Low inflation is here to stay and it will wreck your investment expectations. Get used to it because we are all going to be forced to adjust.
It means reassessing everything. From how long it will take to save for a home deposit to what you’ll need to contribute for retirement.
Remember when we used to assume a 10 per cent annual return on investments… mainly because of high inflation and was easier to do the maths. Now we’ll have to get used to less than half that.
The ripple effect of low inflation on your finances is huge.
When prices are falling, consumers and businesses have less incentive to spend or invest, as they expect things will be cheaper in the future.
As a result, the economy can get locked into an ongoing cycle of low growth and low wage growth. As Tim Harcourt, J.W. Fellow in Economics at the University of New South Wales, explains “when prices are falling you don’t have the same pressure on wages anymore, resulting in pretty stagnant wage growth [in Australia]”.
Here’s what this brave new world of low inflation means for you.
Savings and investments
To combat low inflation and drive growth, the RBA has slashed the official cash rate to a record low of 1.75%, with many experts expecting further cuts will follow.
A low cash rate means the returns offered by savings accounts and term deposits are also at record lows, so you’ll need to look elsewhere if you’re searching for higher returns… and take on more risk.
Shares and managed funds are one way investors can reap higher rewards. According to Ben Nash, Director and Financial Planner at Pivot Wealth, “when interest rates are this low, business can get a real boost on the back of cheap investment loans”.
“The impact is that buying shares or share type investments such as managed funds can provide higher returns when interest rates are low, because as an investor you benefit from part ownership of the company and the higher return they make on their business,” he says.
Low interest rates also mean it’s never been cheaper to borrow money to invest in property; over the last few years this has been one of the key factors pushing up prices in our capital cities.
And while the extreme growth we’ve seen in places like Sydney and Melbourne is tipped to slow, “it does seem likely that in the current low rate environment property prices will remain supported, at least in part, by lower interest rates,” says Nash.
But just because you can borrow, doesn’t mean you should. Prices won’t increase forever and interest rates won’t always be this low, so be careful and make sure your investment stacks up long-term.

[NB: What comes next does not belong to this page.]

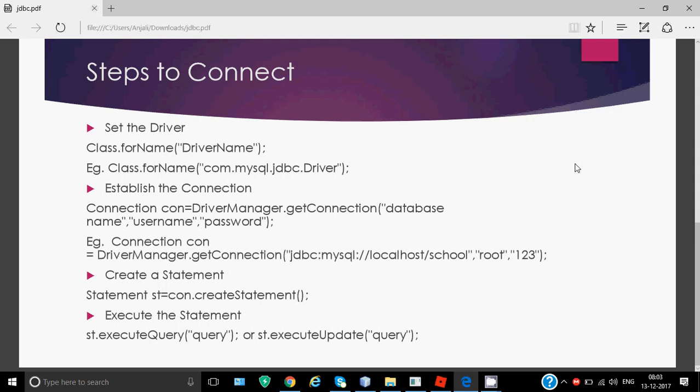The first step to connect to the database is to set the driver. A driver is a utility or software which helps to move data from one part of computer to another. Like we have devices - printer, scanner - we have drivers for them. Same way, to move data from Java to MySQL and from MySQL to Java, we need a driver.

If you already have a home loan and the variable interest rate is falling, it’s a good idea to try and keep making higher repayments. After all, it makes sense to pay off as much of the loan as possible while it’s cheap to do so.
As we’ve outlined, the prices of goods and services are broadly falling, which is good news for the family budget.

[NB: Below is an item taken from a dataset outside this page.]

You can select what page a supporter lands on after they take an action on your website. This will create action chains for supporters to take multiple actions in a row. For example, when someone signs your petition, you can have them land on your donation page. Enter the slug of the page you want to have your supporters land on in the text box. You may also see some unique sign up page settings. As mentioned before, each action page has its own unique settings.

The flip side of this is wage growth is also slow, meaning forming good financial habits are more important than ever in order to get ahead.
Sit down with your partner and put together a plan to take control of your spending, try to divert any additional money into savings or investments and set up a rainy day fund to cover unexpected expenses.
Financial pressures can put a strain on any relationship, so it’s a good idea to talk about money with your partner once things start to get serious.
Here are five tips to help you manage your money as a couple.
- Be open about money
Build good habits and be open about money early on.
You should be able to trust your partner with knowing your financial situation, and it will help prevent problems down the track.
- Understand each other’s values and goals
It’s important to be honest with each other about your financial values.
Once you’re on the same page it makes managing money so much easier, from the everyday issues to big life decisions.
- Line up spending habits
To avoid arguments over money, make sure your spending habits are compatible.
A budget will help to create a bit of discipline.
- The joint account
A joint account can make the process of managing money together much easier.
Make sure to have a fair system for allocating money to the account, and don’t abuse it for personal purchases.
- Don’t be financially ignorant
Each partner should have a basic understanding of money.
Start by taking an interest in the financial news, and for more complex issues it can be helpful to see a financial planner together.